Apesar das garantias normativas, a implementação da consulta ainda é marcada por práticas irregulares e pela ausência de protocolos próprios construídos com as comunidades. Muitas vezes, as audiências públicas são realizadas sem a devida antecedência, com linguagem inacessível ou sem garantir a participação efetiva dos representantes quilombolas. Há casos em que a consulta é reduzida a uma mera comunicação posterior à decisão governamental, esvaziando seu caráter vinculante e participativo.

A Defensoria Pública, o Ministério Público e organizações da sociedade civil têm atuado para exigir o cumprimento do direito à consulta prévia, inclusive por meio de ações judiciais que questionam projetos realizados sem diálogo com as comunidades afetadas. A jurisprudência tem se consolidado no sentido de que a ausência de consulta constitui vício insanável no processo de elaboração e execução de políticas públicas ou empreendimentos que impactem os territórios tradicionais.

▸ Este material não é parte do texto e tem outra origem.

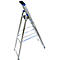 A silver stepladder with blue accents, on wheels. A black bracket at the top.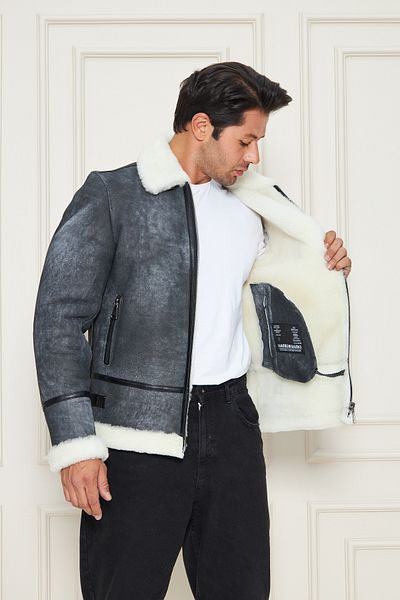 By Marki Marki Men's Pilot Genuine Fur Coat – Gray Tumbled Leather, White Fur, Zippered, Vintage Leather- 500622X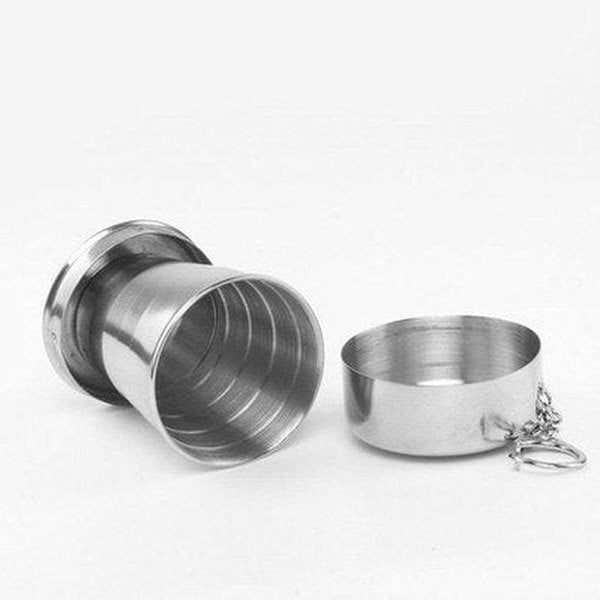 Retractable Cup With Keychain Coffee & Tea Cups Silver Stainless-Steel Retractable Cup With Keychain · Dondepiso
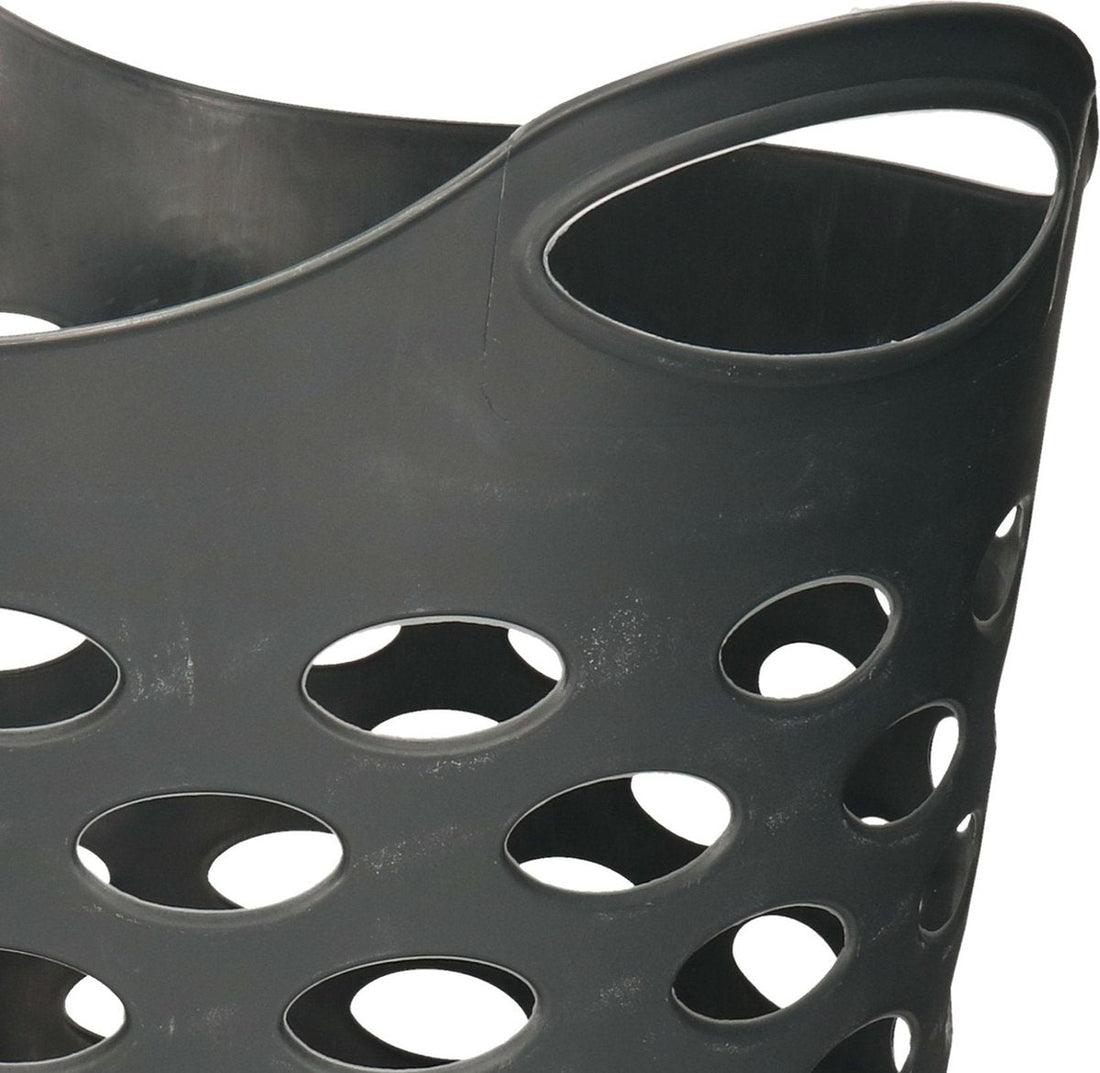 5Five Flexible laundry basket/storage basket - 2x - round - dark grey - 28 litres - D38 x H38 cm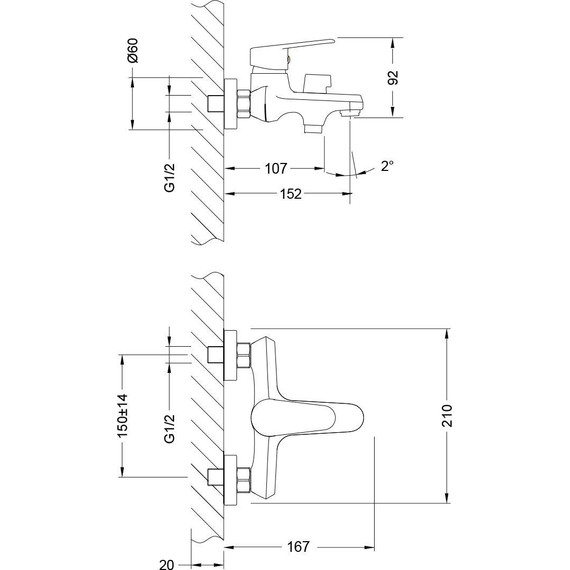 Смеситель для ванны Lemark Point LM0314C - 5 Смеситель для ванны Lemark Point LM0314C фото 5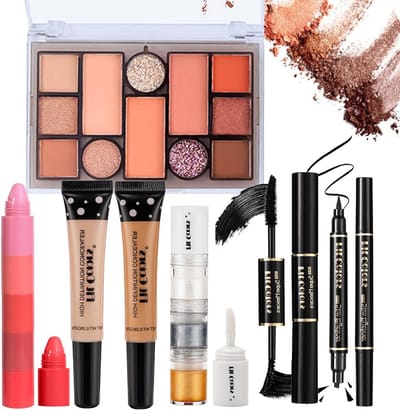 Professionele Make-up Set met Oogschaduwpalet, Concealer, Lippenstift en Mascara - Draagbare Cosmetica Kit voor Vrouwen en Meisjes voor Dagelijks Gebruik en Reizen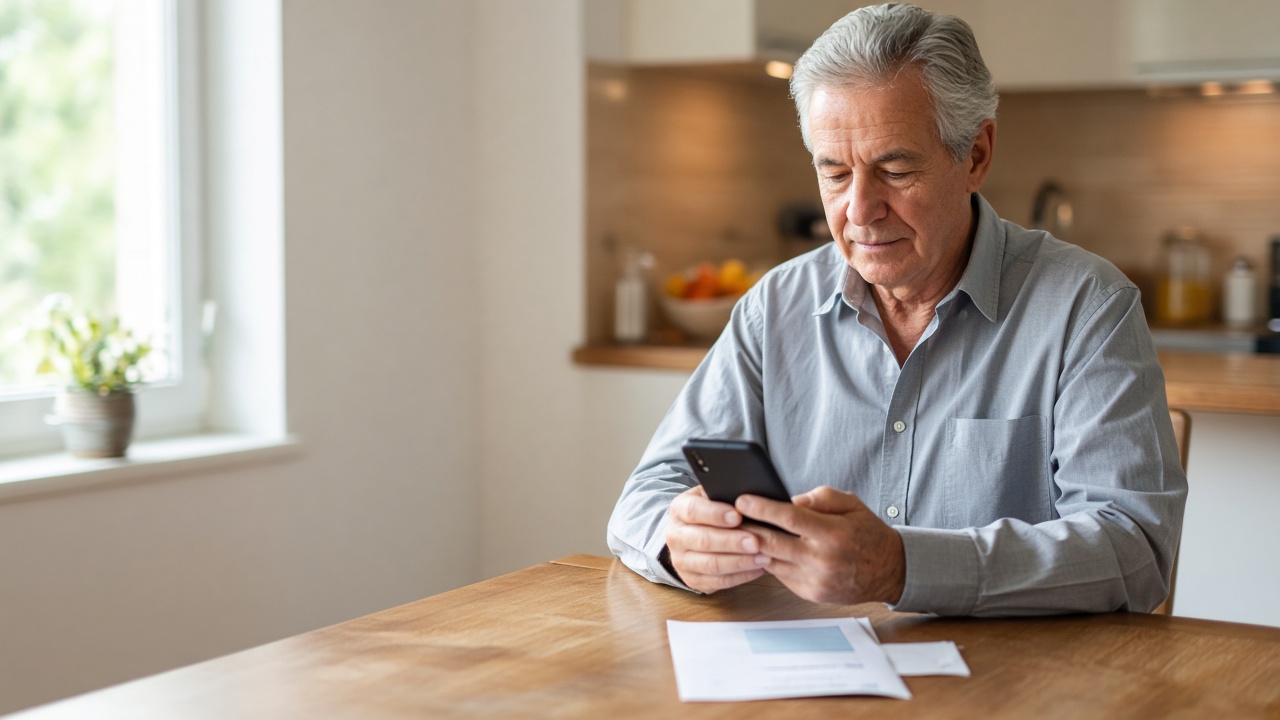 Medicare-age consumer reviewing coverage on a smartphone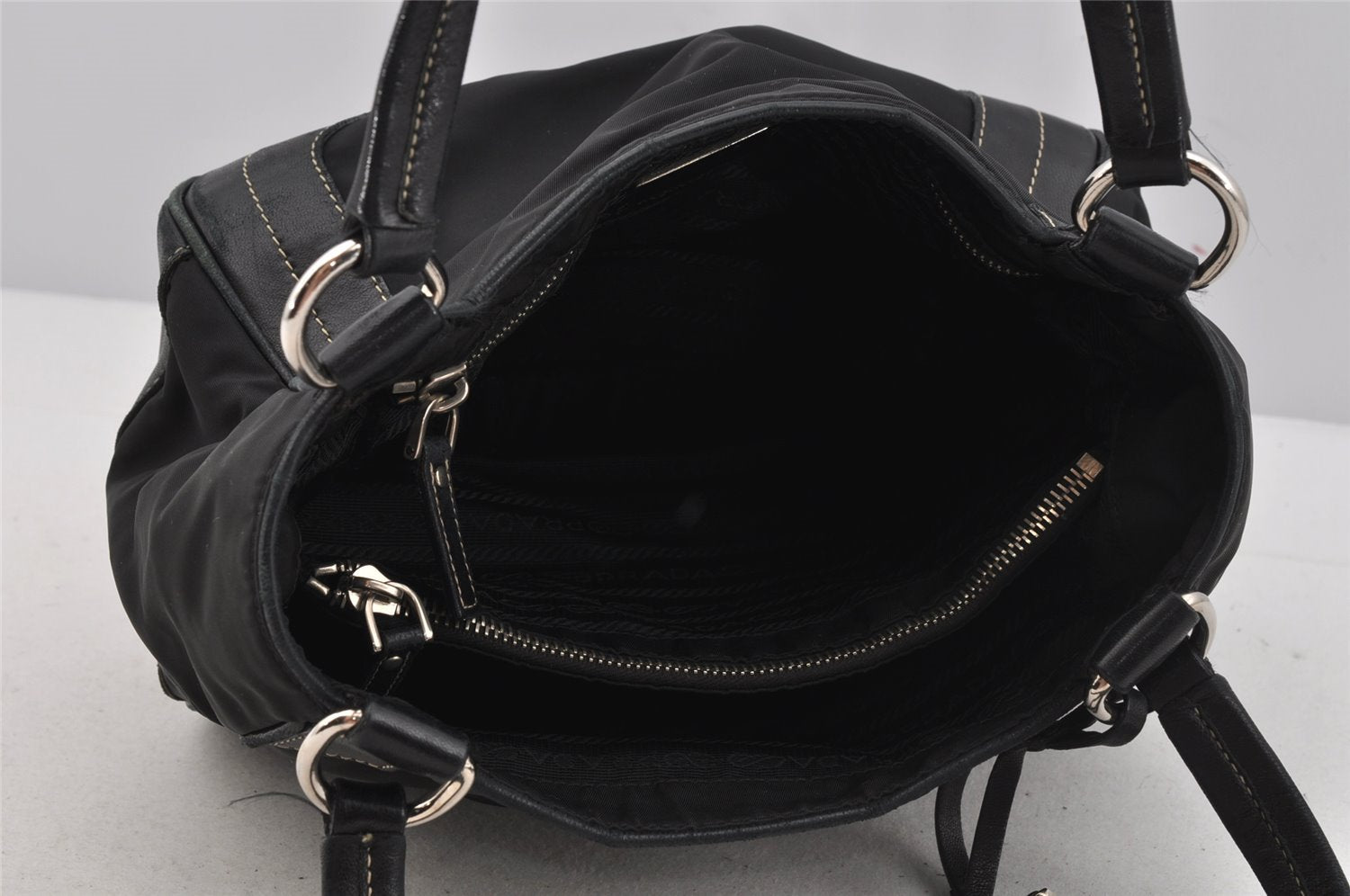 Authentic PRADA Nylon Tessuto Leather Shoulder Hand Bag Purse Black 5977J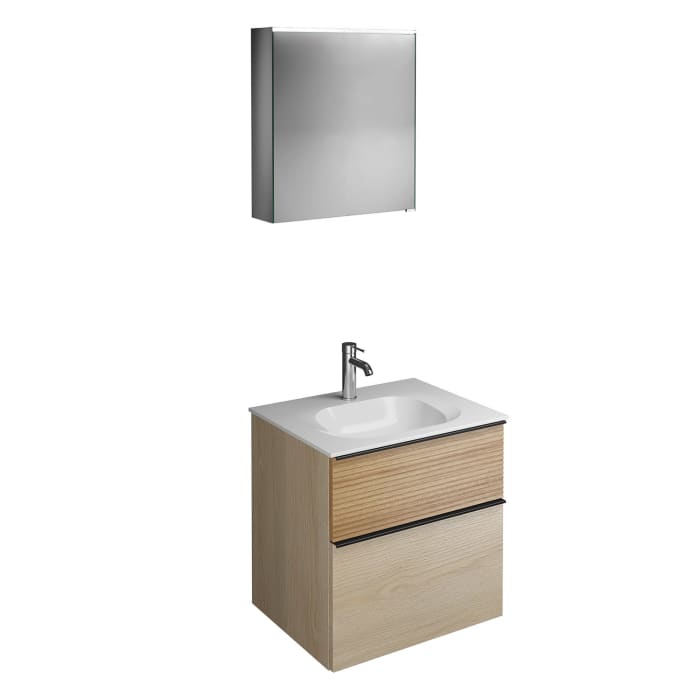 burgbad Fiumo Badmöbel-Set 62 cm mit Waschtisch und Unterschrank  mit Griff G0200 sowie mit Spiegelschrank mit Türanschlag links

A construção de protocolos de consulta pelas próprias comunidades quilombolas vem se fortalecendo como estratégia de afirmação de autonomia e de definição das formas adequadas de participação. Esses documentos estabelecem, por exemplo, como e quando o Estado deve dialogar com a comunidade, quem são seus representantes legítimos e quais são os procedimentos culturalmente adequados para a deliberação coletiva.